MOTIFS DE LA DECISION:
M. X a été victime d’une escroquerie dite 'aller-retour’ durant laquelle la confiance de la victime est établie par le fait que certains des fonds qu’il verse lui sont retournés sous des motifs divers, le conduisant à continuer ses versements et à ne pas s’interroger sur l’utilisation de ses précédents versements.
En l’espèce lui ont été subtilisés:
— des fonds versés sur le compte d’une société BCE ayant un compte ouvert auprès de la F J en Pologne (29.164 euros),
— des fonds versés sur le compte d’une société PEARCE ayant son compte ouvert auprès de la SBERBANK en République Tchèque (15.000 euros)
Il soutient qu’en matière délictuelle, en vertu des dispositions de l’article 7.2 du règlement 1215/2012 du 12 décembre 2012, une personne domiciliée sur le territoire d’un Etat membre peut être attraite dans un autre Etat membre devant le tribunal du lieu où le dommage est survenu et qu’en l’espèce, le dommage serait survenu à Saint-Nazaire, lorsqu’il s’est dessaisi des fonds.
Les banques n’ont pas elles-mêmes détourné les fonds de M. X.
Celui-ci dans son assignation leur reproche d’avoir manqué à leur devoir de vigilance en permettant à des sociétés fictives d’ouvrir des comptes dans leurs livres et d’y voir transiter des fonds sans se préoccuper de leur provenance ni de leur destination.
Ces fautes, si elles sont établies, ont été commises pour la banque J, en Pologne et pour la banque SBERBANK, en République Tchèque.

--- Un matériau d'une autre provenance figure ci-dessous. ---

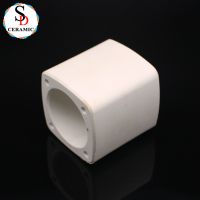 Advanced Technical Ceramic 95%/99% Al2O3 Precision Alumina Ceramic Blocks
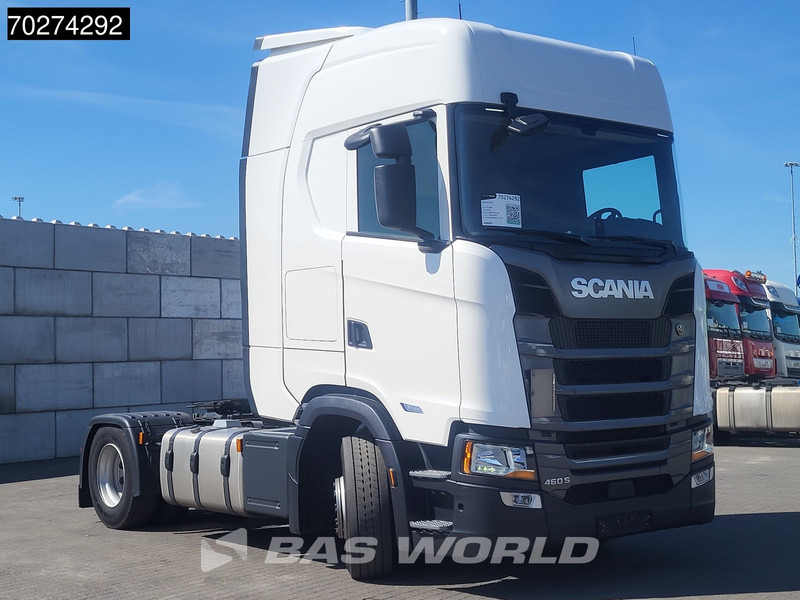 Scania S 460 S 4X2 Retarder ACC 2x Tanks Euro 6 - Cabeza tractora: foto 3 Scania S 460 S 4X2 Retarder ACC 2x Tanks Euro 6 - Cabeza tractora: foto 3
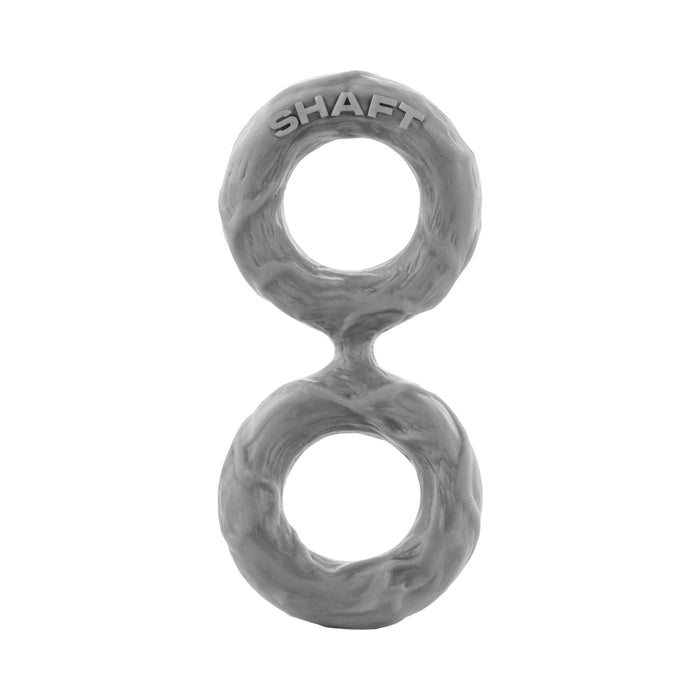 Shaft Model D: Double C-Ring Grey Size 1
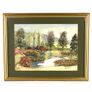 Vintage original watercolour Image 2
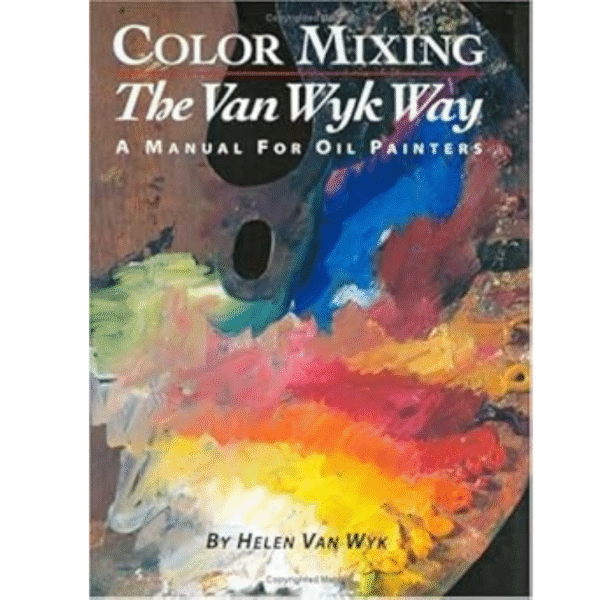 Color Mixing the Van Wyk Way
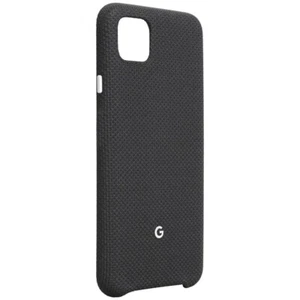 ORIGINAL Google Pixel 4 XL Stoffhülle GA01276 - nur schwarz - Bild 1 von 5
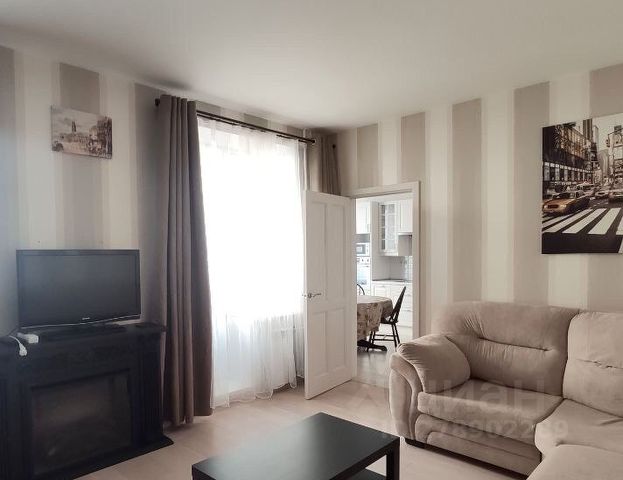2-комн., 70 м², 7/16 этаж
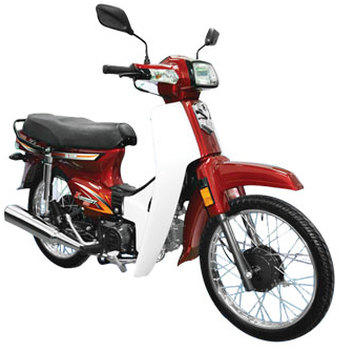 Sym E Smart 110 Slant Rear View Full Image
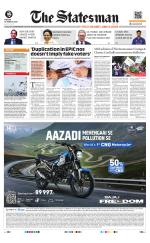 Delhi - The Statesman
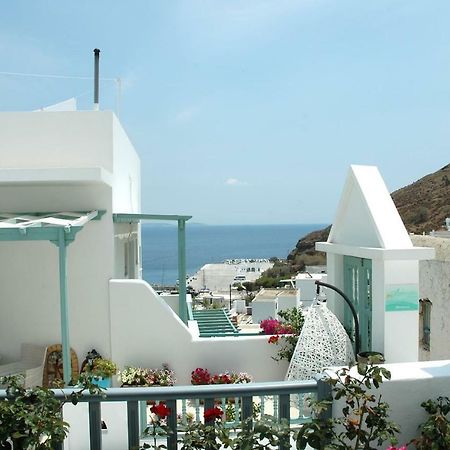 Kalypso House Villa Pera Gyalos Eksteriør bilde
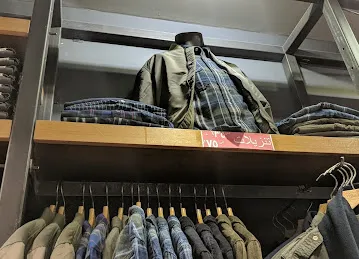 Korean shop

D’autre part, le fait dommageable lui-même n’est pas le virement des fonds à partir de Saint-Nazaire, mais leur appropriation frauduleuse par le destinataire, en Pologne pour le premier virement, en République Tchèque pour le second.
Le jugement déféré est dès lors confirmé en ce qu’il s’est déclaré incompétent pour connaître du litige et a renvoyé M. X à se pourvoir.
M. X, qui succombe, supportera la charge des dépens d’appel.
Les demandes formées sur le fondement des dispositions de l’article 700 du code de procédure civile sont rejetées.
PAR CES MOTIFS:
La Cour,
Confirme le jugement déféré.
Condamne M. X aux dépens d’appel.
Rejette les demandes formées sur le fondement des dispositions de l’article 700 du code de procédure civile.